While that particular installation uses seven screens, The Refusal of Time uses five to follow a parade of silhouetted characters as they traverse the gallery walls and slowly transform from carnival band into a rag tag gang of stragglers and refugees. The gallery guide, rather pessimistically, suggest that the symbolism used here is representative of the situation of the human condition in general. Whereas, despite my earlier comments, I wonder if it could be a more specific reference to how the enthusiasm and optimism that greeted the end of apartheid and the initial success of Mandela’s visionary premiership went into a slow decline due to the dispiriting failures and short-sightedness of those that followed him.
On occasion, Kentridge seems to like to try to overwhelm the viewer with almost too much to look at and so stuck in the middle of the room displaying The Refusal of Time is a so-called breathing machine, a massive pumping bellows construction that uses its mechanical pulse to counts out the passing seconds. I suppose it adds a sort of universal heartbeat to reinforce a sense of the inexorable passage of time and the inevitable increase in entropy, or something like that, although I’m not sure it’s entirely necessary addition. And, as far as I’m concerned, the most successful work on show here is also the simplest.
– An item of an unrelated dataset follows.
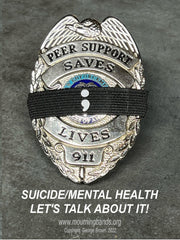 Badgeart Project Semicolon Suicide Prevention / Mental Health Awareness Mourning Band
Second-Hand Reading just show a full length self-portrait perambulating his way slowly but consistently through the ever turning pages of an old encyclopedia. The artist seems deep in contemplation, unaware of either the dancing woman who occasionally interrupts his walk of the man running after him from the other page who never quite catches him up. It seems like rather an appropriate metaphor for all our own journeys through life and the small marks that we manage to make before the final pages come with a rush and the book closes forever, only to be filed away among the groaning shelves of that great library in the sky.